Over the course of his career, Zeng Fanzhi has been a social landscapist making an adroit comment on reality. In different periods, the sartorial choices of his subjects have documented his personal chronicle of the conversion from socialist symbols to the savours of a capitalist society. The Red scarf was a recurrent motif in his earlier works, stood as an emblem of social acceptance at the height of the communist regime (Fig. 1). The significance of owning this badge of membership in a society governed by rigid conformity was unfathomable. It was a source of pride and joy, a badge of commitment and belonging. Zeng Fanzhi was not granted a red scarf as a child; an action which has clearly resounded upon his adult psyche as a large number of his subjects throughout the Mask series - bar those of his self-portrait - bear this symbol of belonging. While the western suit often appeared in his later works, underlining individualism.

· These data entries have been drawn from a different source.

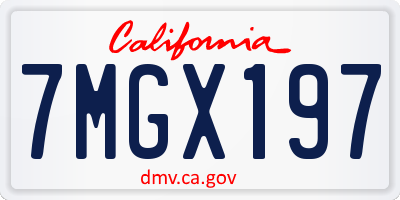 CA license plate 7MGX197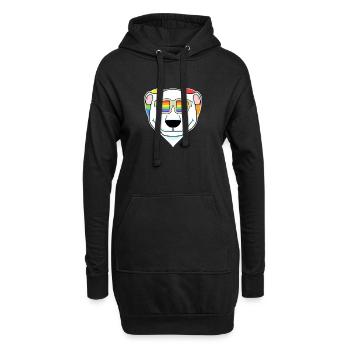 Arc-en-ciel - Ours polaire avec lunettes - Sweat-shirt à capuche long Femme - noir - Devant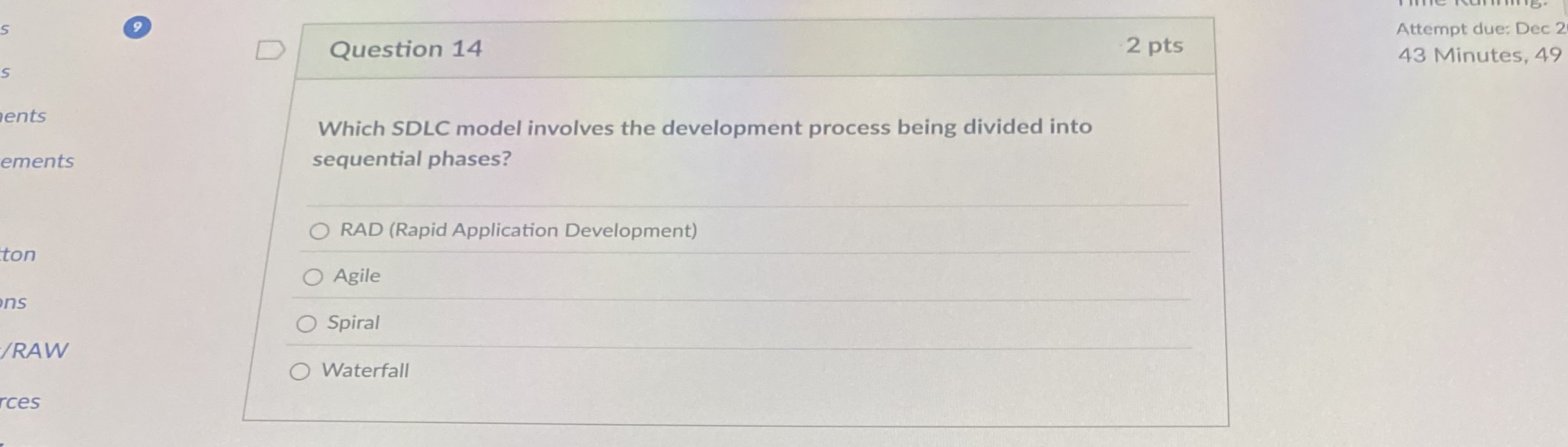 Question 1 4 2 pts Attempt due: Dec 2 4 3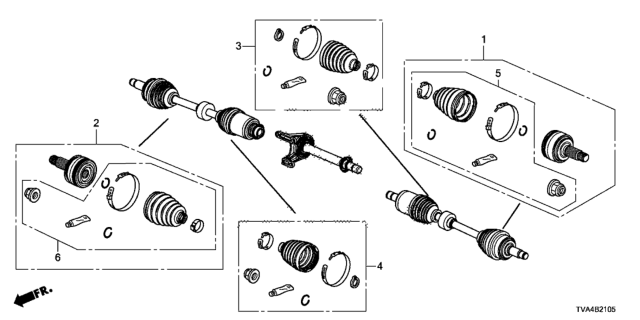 2021 Honda Accord Joint Set, Outboard Diagram for 44014-TVC-305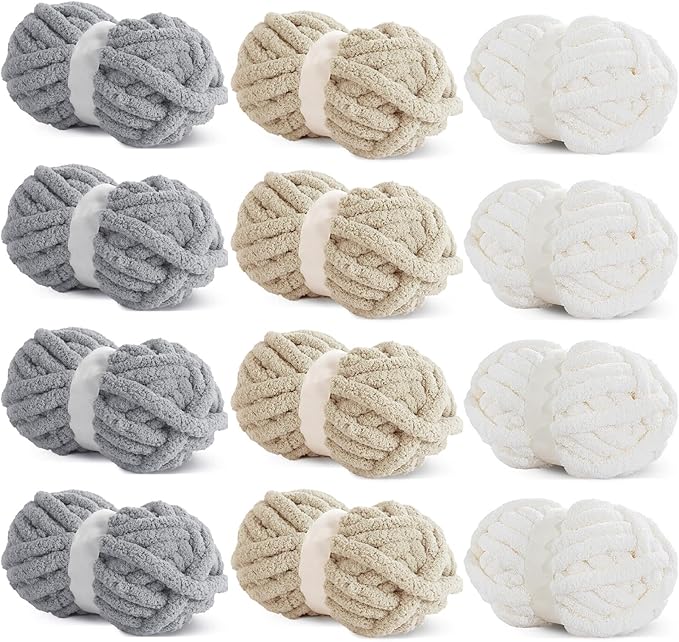 HOMBYS 12 Pack Chunky Yarn for Crocheting,Super Bulky Large Soft Fluffy Yarn,Plush Fuzzy Yarn,Thick Chenille Yarn for Hand Knitting/Arm Knitting,4 Cream,4 Light Grey,4 Khaki(Each 27yds,8 oz)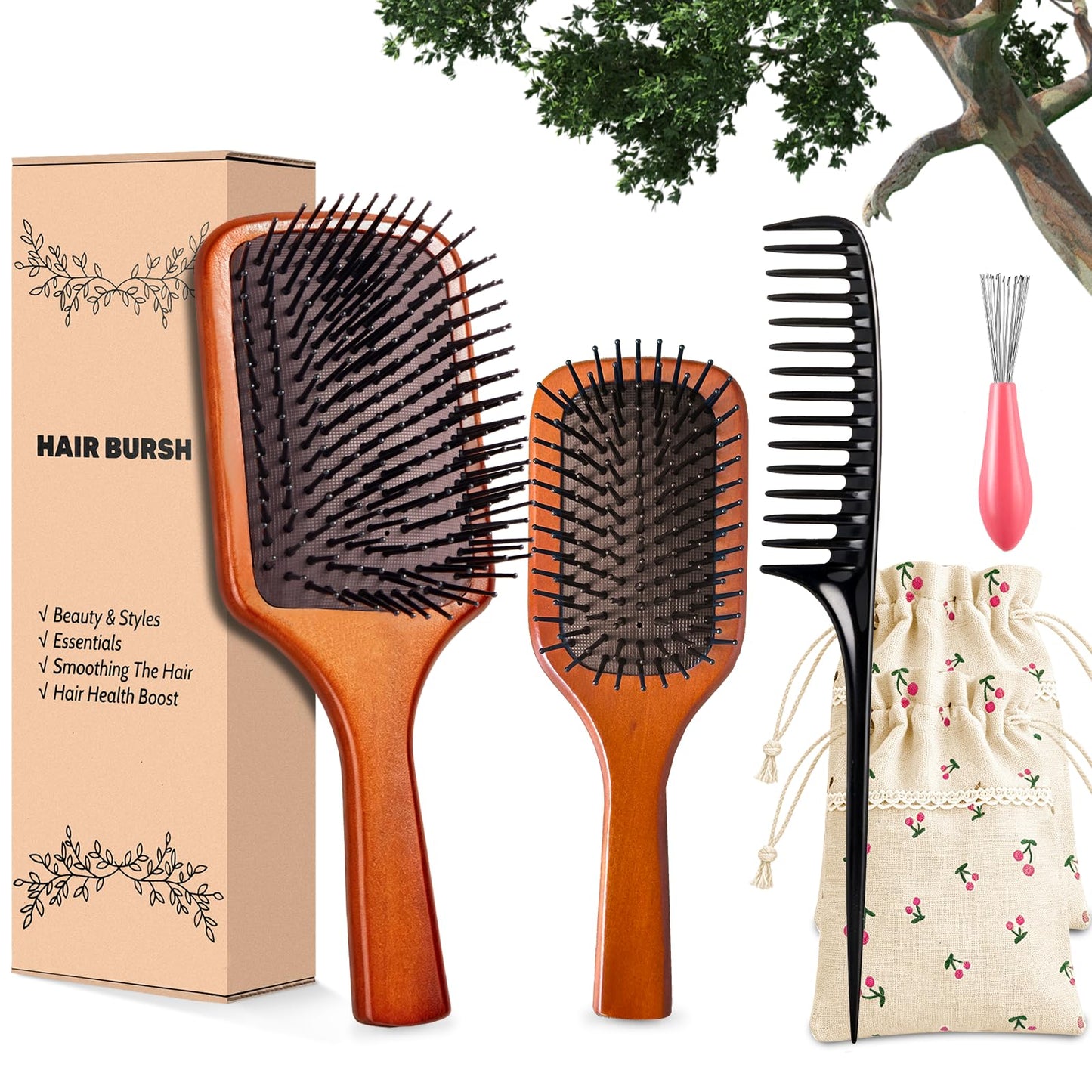 Hair Brush for Women and Men, Wooden Detangling Paddle Brush, Air Cushion Brush for Reducing Hair Breakage, Smoothing Brushes for Curly Straight Hair, Wet or Dry Use - 2 Pcs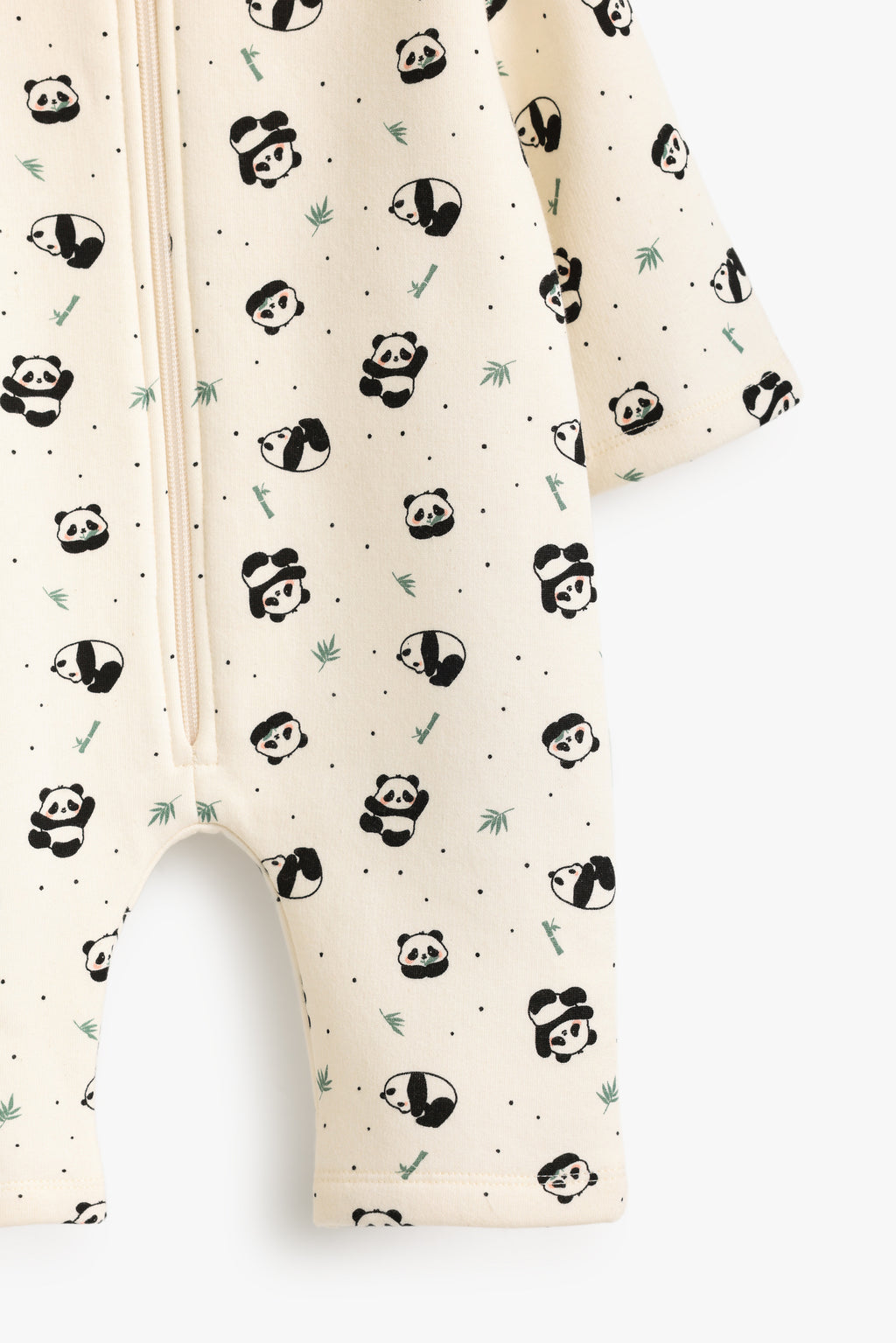 Junior Baby Hooded Romper - Panda Cream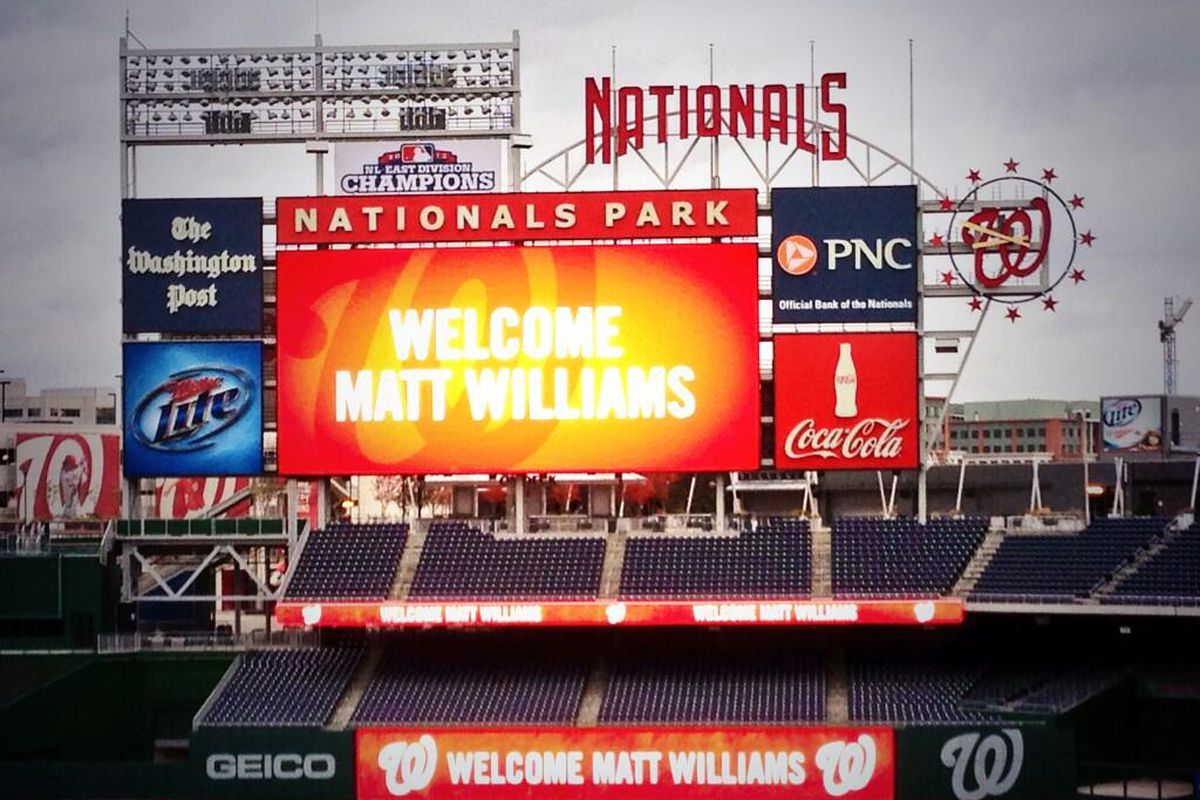 Nationals Park, where the Washington Nationals welcomed new manager Matt Williams today.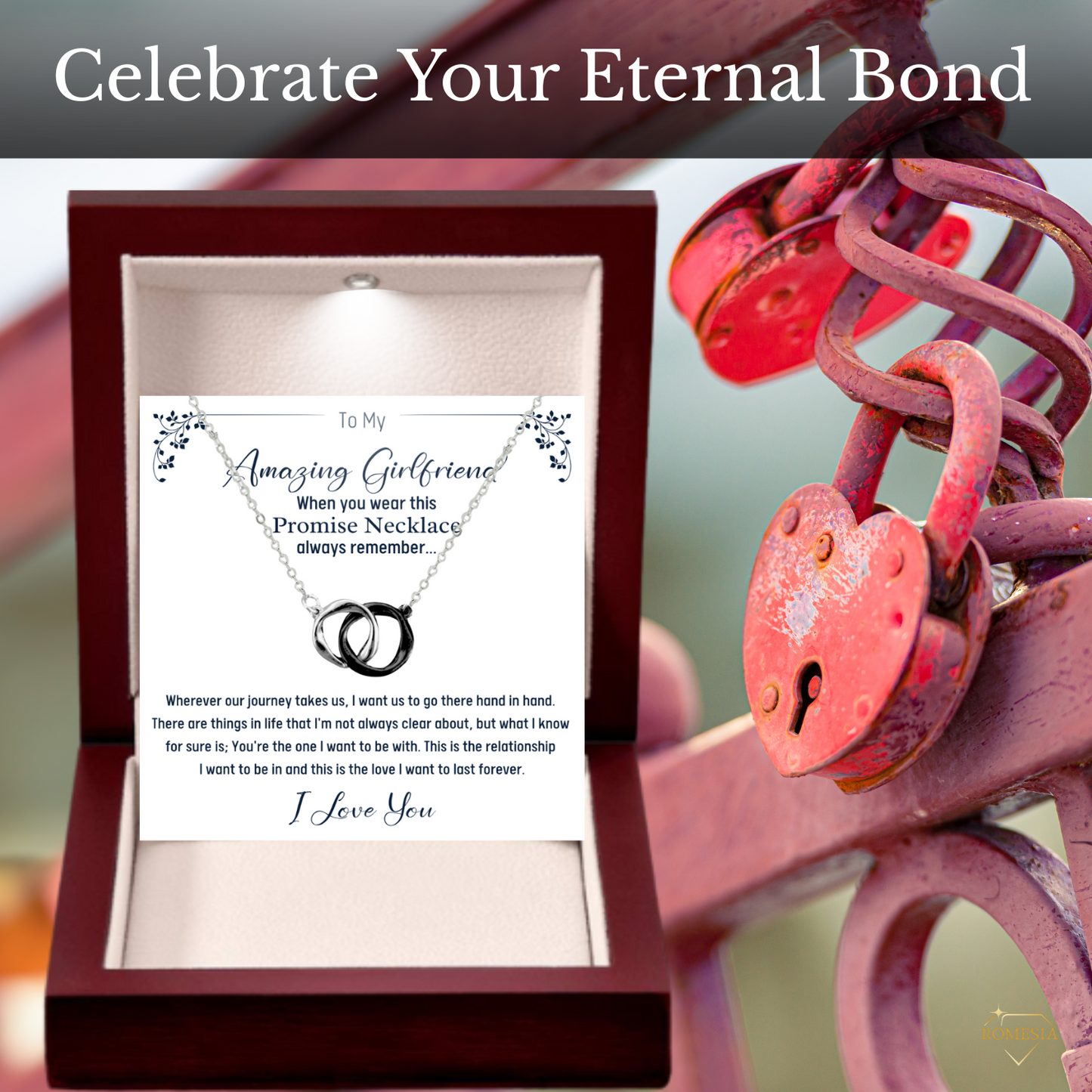 To My Amazing Girlfriend Promise Necklace, Double ring Pendent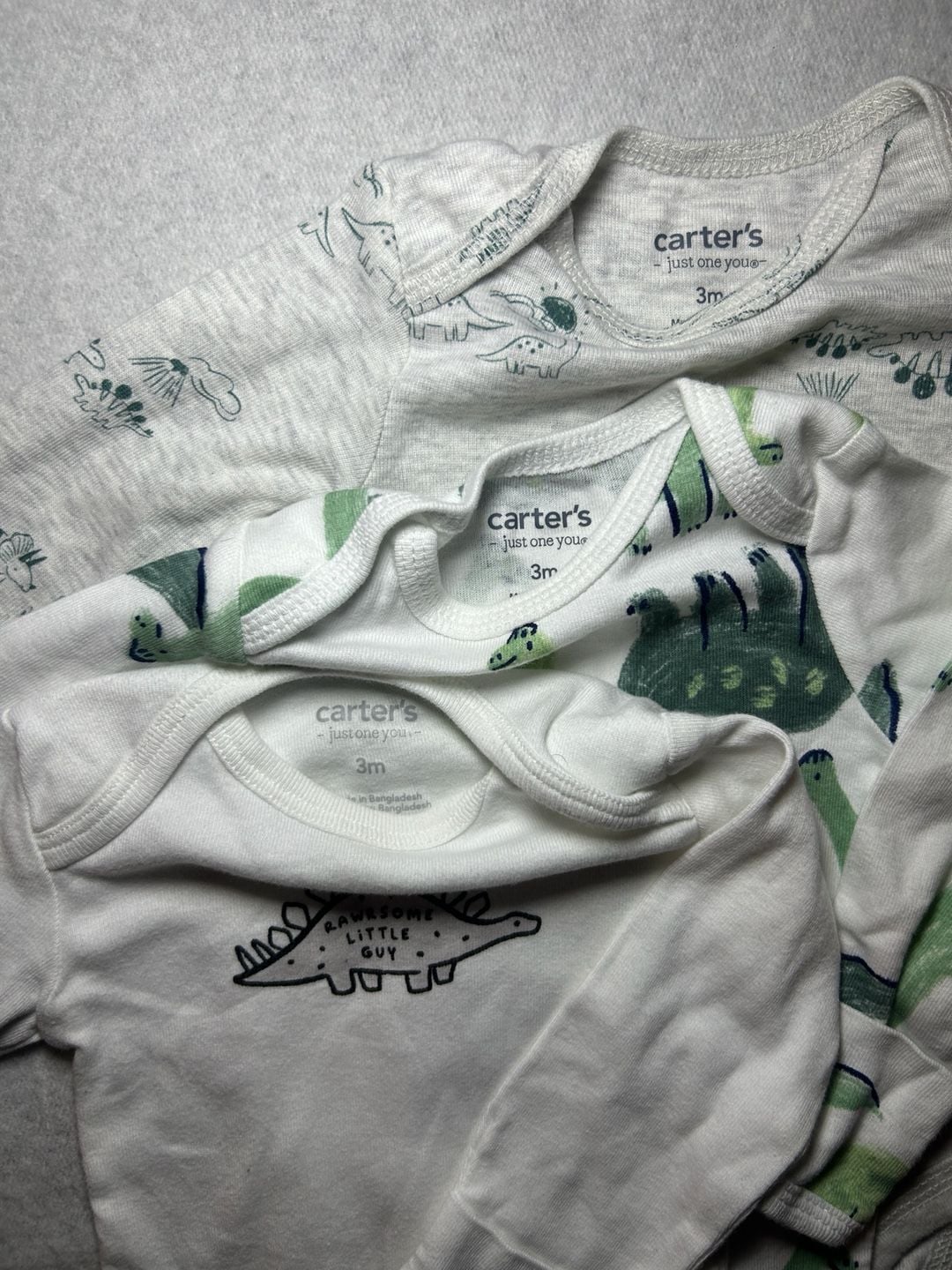 Carter's Just One You Baby Boys' 3pk Bodysuit - Dinosaur Print, Size 3M 4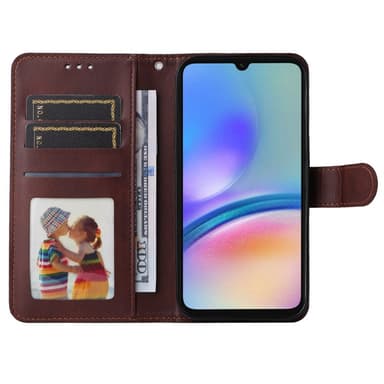 SKALO Samsung A05s 4G PU-nahkainen Lompakkokotelo - Ruskea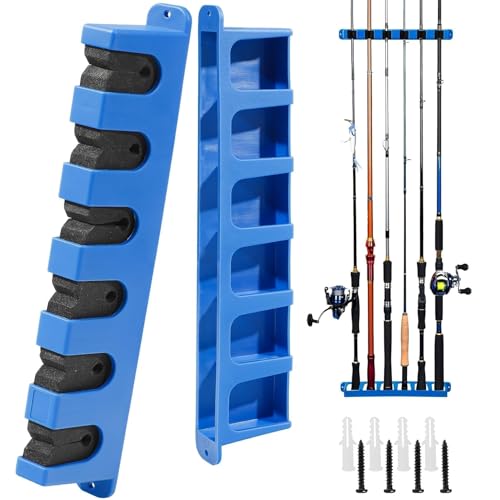DZrudun Vertical Fishing Rod Holder for Garage Wall Mounted - 6 Rods Fishing Pole Storage Rack with Damage-Free EVA Grip, Interlocking Fishing Pole Holders for Garage Organization, Best Fish Gifts Men - style: Vertical Blue,1Pair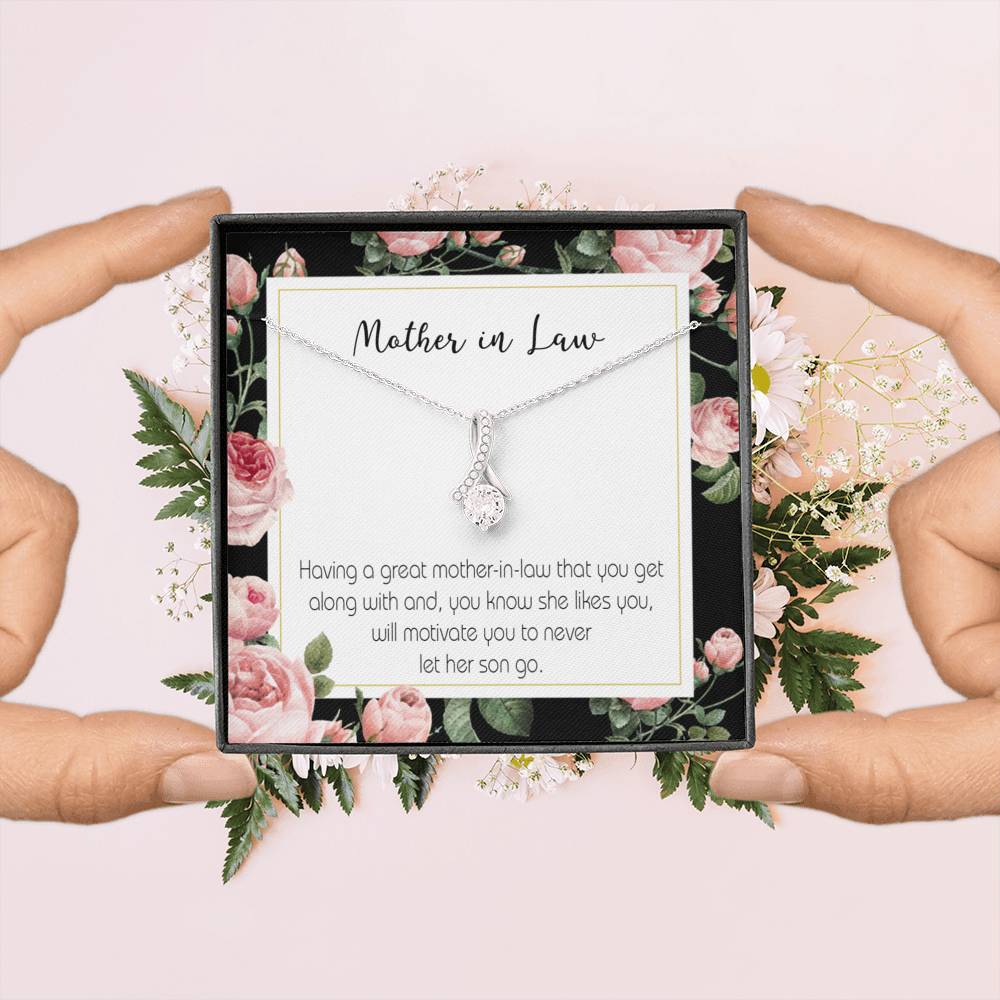 Mother-In-Law Necklace Mother-In-Law That Motivate Eternity Ribbon Stone Pendant Keepsake Message Card-Express Your Love Gifts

Carried out in 2006, Portrait was undertaken at a time of relative contentment for Zeng Fanzhi. As the artist explained, “Now life has undoubtedly been much better materially. However, the more change we have, the stronger I feel that something can never be changed. The things at my heart dont allow the change. Though we have a better life I feel somehow uneasy.” He paints the concomitant shift from the imposition of Maoist philosophy of the social self and economic system that ruled every aspect of personal life, to a capitalist, liberalised economy. The protagonist represents China's emerging middle class echelon of society, one penetrated by Western traditions and values. It invokes national turmoil that have consistently driven the artist’s quest of the human condition, filtered through his own conflicted upbringing amidst the Chinese Cultural Revolution. The social function of Portrait is redolent of Godfrey Kneller's John Churchill, 1st Duke of Marlborough (Fig. 2). It also conjured an age of extravagant costume and cultivated ease. It highlights the subject's wealth, as a definition of class and identity. Clothing therefore is in essence a mirror of social, economic, political and cultural landscape. It is not only representations, but also a reconstitution of collective reminiscences within the historical present.

Clothes in contemporary China are about projecting personality, not about conforming. A newly capitalist, consumerist society has liberated the individual to become a free agent, agents of self-invention and self-representation. But Zeng Fanzhi advocates this is an exchange of environments that has only replaced one alienation with another. As such, this work has raised a question that runs through human history- What is Freedom. For Nietzsche often expresses his negative verdicts on freedom as unqualified denials, the true realisation of the will to power, genuine freedom, has rather to do with self-overcoming. In many ways, Portrait is a concise statement gesturing the materialist trappings of class aspirations and the associated strain on individual psyches, portrayed in the throes of re-acculturation, searching for a social role. The piercing psychological narratives, minimum of details and expressionist mannerism are evocative of Egon Schiele’s intensely personal images (Fig. 3). It displays a humanitarian responses and metaphorical testimonial to the existing reality.

The sheer honesty of Zeng Fanzhi’s works, and the reality with which he imbues every brushstroke, reveals his struggle to become more fundamentally human in a world pulverised by cynicism, avarice, and pernicious threats of authority.